Local features stay local. You can verify that yourself in five minutes with Activity Monitor. Three things use the network: account auth (no content), model downloads (you initiate), and cloud provider calls (only if you configured them, only to the provider you chose).

Everything else - voice, chat, RAG, OCR, vision, image upscale, video upscale - runs on your Mac. No policy required. No trust required. Just observable architecture.

Download ToolPiper at [modelpiper.com](https://modelpiper.com) and run the Activity Monitor test yourself.

_Related: [Wispr Flow's Privacy Incident](/blog/wispr-flow-privacy-incident) - what the ban revealed about cloud voice AI. [ToolPiper vs Wispr Flow](/blog/toolpiper-vs-wispr-flow) - full comparison. [Voice Chat with Local AI](/blog/voice-chat-mac-local-ai) - how the on-device pipeline works._

## Steps

### 1. Verify ToolPiper's local inference yourself

## FAQ

### Is ToolPiper safe to use for sensitive or confidential content?

Yes, when using local features. Voice dictation, local LLM chat, RAG document Q&A, OCR, and image processing all run on your Mac with no network activity. You can verify this by monitoring ToolPiper's network traffic in Activity Monitor during use. If you connect a cloud provider like OpenAI, that content goes to OpenAI - the same as using them directly.

### Does ToolPiper send my voice recordings anywhere?

No. Voice dictation and voice chat use Parakeet v3, a speech recognition model that runs on your Mac's Neural Engine. The audio goes from your microphone to the model in local memory and nowhere else. There is no upload step. You can confirm this by watching ToolPiper's network activity in Activity Monitor during a dictation session - you'll see no outbound traffic.

### Does ToolPiper use my data to train AI models?

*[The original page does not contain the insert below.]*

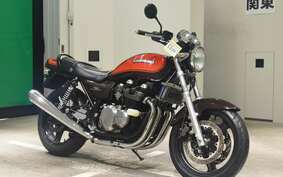 KAWASAKI ZEPHYR 750 2007 ZR750C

No. ToolPiper has no mechanism to collect or transmit your AI content - your prompts, voice, documents, or images - because local inference never sends that content over the network. There is no server receiving your data, so there is no training pipeline to feed. This is an architectural fact, not a policy commitment.

### Does ToolPiper collect analytics or usage data?

No. ToolPiper does not collect analytics, telemetry, or usage tracking of any kind. It does not report which models you run, which features you use, how long sessions last, or any other behavioral data. The ModelPiper interface bundled inside ToolPiper - which runs locally from your machine - does not send analytics calls when running locally. Nothing about how you use the app is reported anywhere.

### What does ToolPiper actually send over the network?

Three things: account authentication when you sign in (email and license token, no AI content), model downloads when you explicitly click Download in the model browser, and cloud provider API calls if you configure a provider like OpenAI or Anthropic. No analytics, no telemetry, no usage tracking. Nothing else leaves your device.

### How is ToolPiper different from cloud voice AI like Wispr Flow?

Cloud voice products send audio to remote servers for processing. ToolPiper processes audio on your Mac's Neural Engine. The privacy difference is not a policy difference - it's an architectural one. Cloud products can offer Privacy Mode or zero-retention promises, but audio must still leave your device to be processed. With ToolPiper, audio never leaves your device. You can verify this yourself by monitoring network traffic - something you cannot do with cloud processing.

### Is ToolPiper open source?

The MCP server specification and shared tooling are open. The core macOS application is not currently open source. For users who want to verify privacy without reading source code, the practical test is monitoring network traffic during local feature use - ToolPiper shows no outbound activity for voice, chat, RAG, OCR, or image processing. This tests actual runtime behavior rather than stated implementation.